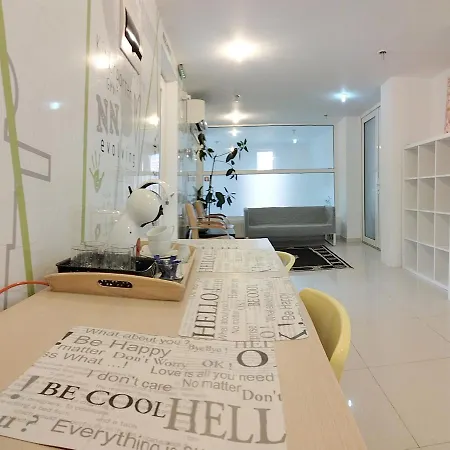 Apartament De Lux 90 Mp * Timisoara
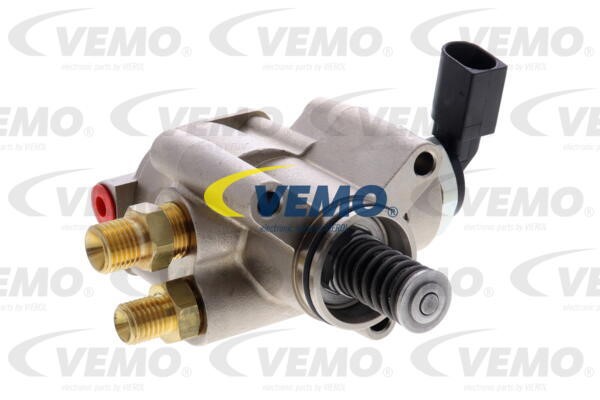 High Pressure Pump VEMO V10-25-0034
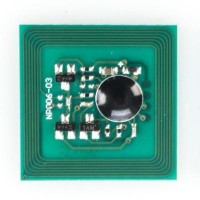 Чип для картриджа Xerox WC M118/C118 DRUM Everprint (CHIP-XER-M118-DR)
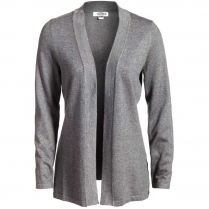 Edwards Women's Open Cardigan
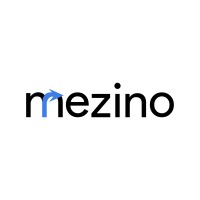 Mezino Technologies logo - Similar company to Huboweb Technologies (Private Limited)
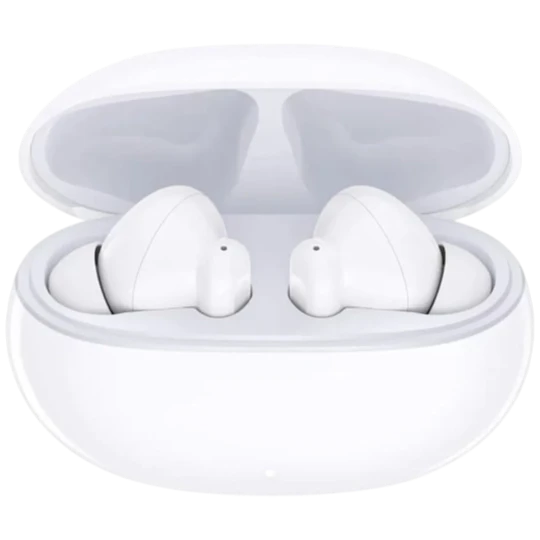 Bluetooth qulaqlıq Honor Choice Earbuds X7 White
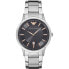 Фото #1 товара ARMANI AR11179 watch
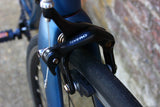 Boardman  Road Bike (Large)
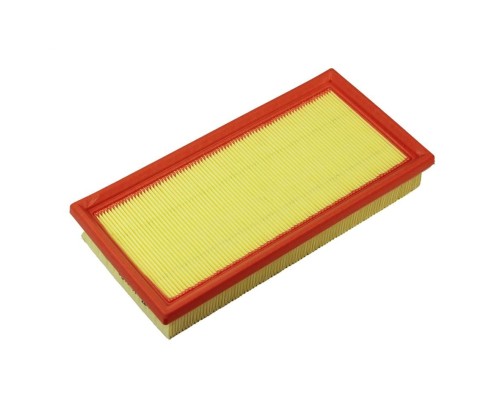 Повітряний фільтр для автомобіля Wixfiltron WA6162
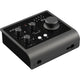 Audient iD4 Mk.II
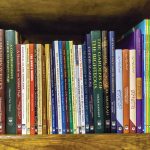 Islamic Library Essentials Pack for Schools/Madrasah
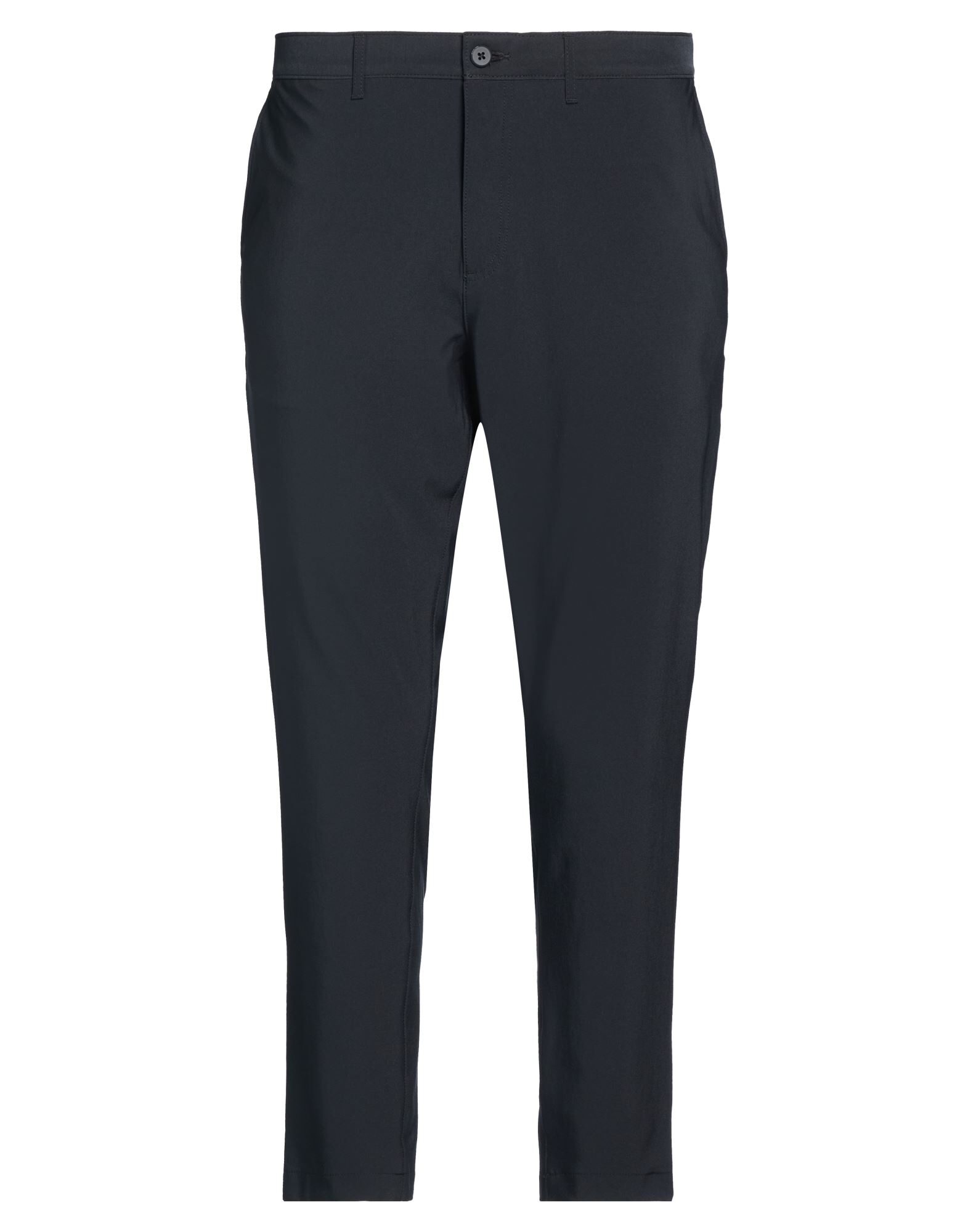 MICHAEL KORS MENS - Trousers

==========

▶ [WHAT YOU SHOULD DO]:
The data above must be given back verbatim, minus its images.

▶ [ANSWER SECTION]:
 Apartament De Lux 90 Mp * Timisoara
 High Pressure Pump VEMO V10-25-0034
 Чип для картриджа Xerox WC M118/C118 DRUM Everprint (CHIP-XER-M118-DR)
 Edwards Women's Open Cardigan
 Mezino Technologies logo - Similar company to Huboweb Technologies (Private Limited)
 Bluetooth qulaqlıq Honor Choice Earbuds X7 White
 Фото #1 товара ARMANI AR11179 watch
 Boardman  Road Bike (Large)
 Повітряний фільтр для автомобіля Wixfiltron WA6162
 Audient iD4 Mk.II
 Islamic Library Essentials Pack for Schools/Madrasah
 MICHAEL KORS MENS - Trousers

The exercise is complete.